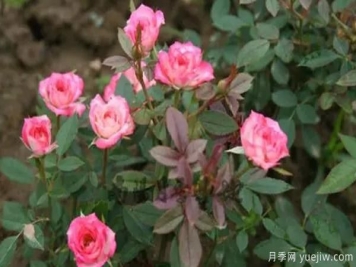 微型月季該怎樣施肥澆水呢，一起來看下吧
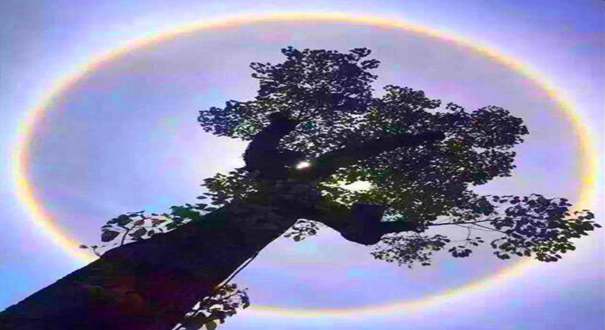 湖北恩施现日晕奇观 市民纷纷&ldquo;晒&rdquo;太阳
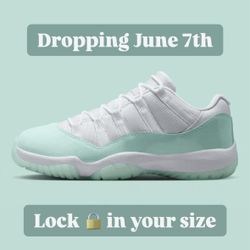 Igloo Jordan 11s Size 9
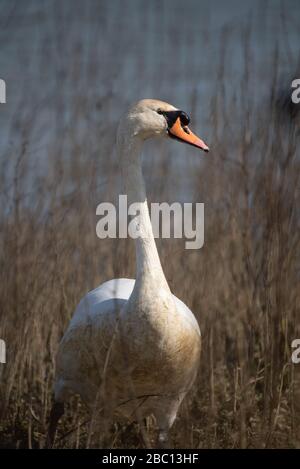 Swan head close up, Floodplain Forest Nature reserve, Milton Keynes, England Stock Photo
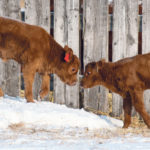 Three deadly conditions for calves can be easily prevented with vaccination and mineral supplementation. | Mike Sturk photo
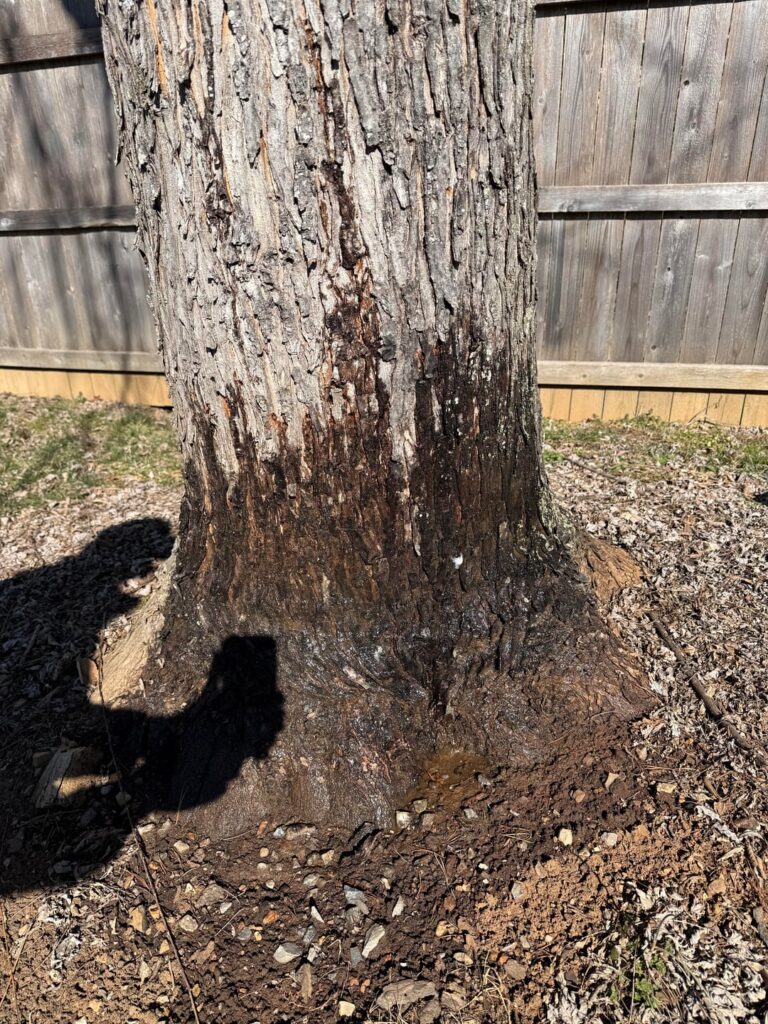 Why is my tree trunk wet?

**INSTRUCTIONS FOR THE TASK:**
Print every record exactly without the images.

**SOLUTION TO THIS PROBLEM:**
 微型月季該怎樣施肥澆水呢，一起來看下吧
 湖北恩施现日晕奇观 市民纷纷&ldquo;晒&rdquo;太阳
 Igloo Jordan 11s Size 9
 Swan head close up, Floodplain Forest Nature reserve, Milton Keynes, England Stock Photo
 Three deadly conditions for calves can be easily prevented with vaccination and mineral supplementation. | Mike Sturk photo
 Why is my tree trunk wet?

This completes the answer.